EXERCISE:
Take the line containing "Fighting Western, Vol." as the first and the last line of the records below as the end, and please set down only what lies between them exactly, both ends included.

RECORDS:
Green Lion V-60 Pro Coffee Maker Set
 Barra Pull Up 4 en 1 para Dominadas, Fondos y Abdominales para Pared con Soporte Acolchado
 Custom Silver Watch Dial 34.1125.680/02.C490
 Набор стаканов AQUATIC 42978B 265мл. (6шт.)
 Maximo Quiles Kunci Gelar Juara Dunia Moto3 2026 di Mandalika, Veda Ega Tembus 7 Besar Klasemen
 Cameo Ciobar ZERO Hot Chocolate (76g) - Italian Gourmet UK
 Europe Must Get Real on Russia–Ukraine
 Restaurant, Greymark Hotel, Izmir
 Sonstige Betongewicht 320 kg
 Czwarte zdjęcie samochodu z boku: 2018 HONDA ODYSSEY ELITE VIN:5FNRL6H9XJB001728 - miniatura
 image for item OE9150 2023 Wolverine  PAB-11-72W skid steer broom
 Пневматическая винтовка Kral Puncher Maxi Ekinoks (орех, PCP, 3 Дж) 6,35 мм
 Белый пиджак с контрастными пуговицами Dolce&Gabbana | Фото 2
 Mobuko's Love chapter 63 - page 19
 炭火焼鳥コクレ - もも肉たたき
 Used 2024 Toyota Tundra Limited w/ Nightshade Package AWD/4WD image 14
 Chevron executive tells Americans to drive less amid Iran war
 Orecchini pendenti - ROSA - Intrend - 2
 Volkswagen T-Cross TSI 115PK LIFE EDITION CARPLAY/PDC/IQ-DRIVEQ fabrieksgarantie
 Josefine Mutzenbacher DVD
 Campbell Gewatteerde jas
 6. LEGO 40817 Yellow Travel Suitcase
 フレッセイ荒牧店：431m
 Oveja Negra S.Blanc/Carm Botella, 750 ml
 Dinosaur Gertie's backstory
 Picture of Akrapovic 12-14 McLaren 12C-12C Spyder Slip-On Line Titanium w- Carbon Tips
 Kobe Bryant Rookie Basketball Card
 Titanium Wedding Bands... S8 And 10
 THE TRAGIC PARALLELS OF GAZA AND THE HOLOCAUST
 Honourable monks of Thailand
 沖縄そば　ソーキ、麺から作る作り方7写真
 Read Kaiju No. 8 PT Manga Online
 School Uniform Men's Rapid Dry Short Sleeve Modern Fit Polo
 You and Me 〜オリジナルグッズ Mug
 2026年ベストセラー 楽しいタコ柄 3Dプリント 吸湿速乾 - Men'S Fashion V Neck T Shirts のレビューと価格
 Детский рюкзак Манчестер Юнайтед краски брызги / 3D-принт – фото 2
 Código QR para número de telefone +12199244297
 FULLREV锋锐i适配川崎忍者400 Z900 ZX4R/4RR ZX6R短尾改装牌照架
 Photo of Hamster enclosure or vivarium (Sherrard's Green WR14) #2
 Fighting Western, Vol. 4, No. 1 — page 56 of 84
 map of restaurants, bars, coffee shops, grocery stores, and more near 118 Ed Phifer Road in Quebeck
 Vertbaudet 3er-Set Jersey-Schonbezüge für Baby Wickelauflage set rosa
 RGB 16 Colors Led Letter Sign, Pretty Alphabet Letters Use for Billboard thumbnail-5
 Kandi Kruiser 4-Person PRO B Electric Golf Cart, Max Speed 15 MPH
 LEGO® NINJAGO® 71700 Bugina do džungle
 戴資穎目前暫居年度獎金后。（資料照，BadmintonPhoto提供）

SOLUTION TO THE EXERCISE:
 Fighting Western, Vol. 4, No. 1 — page 56 of 84
 map of restaurants, bars, coffee shops, grocery stores, and more near 118 Ed Phifer Road in Quebeck
 Vertbaudet 3er-Set Jersey-Schonbezüge für Baby Wickelauflage set rosa
 RGB 16 Colors Led Letter Sign, Pretty Alphabet Letters Use for Billboard thumbnail-5
 Kandi Kruiser 4-Person PRO B Electric Golf Cart, Max Speed 15 MPH
 LEGO® NINJAGO® 71700 Bugina do džungle
 戴資穎目前暫居年度獎金后。（資料照，BadmintonPhoto提供）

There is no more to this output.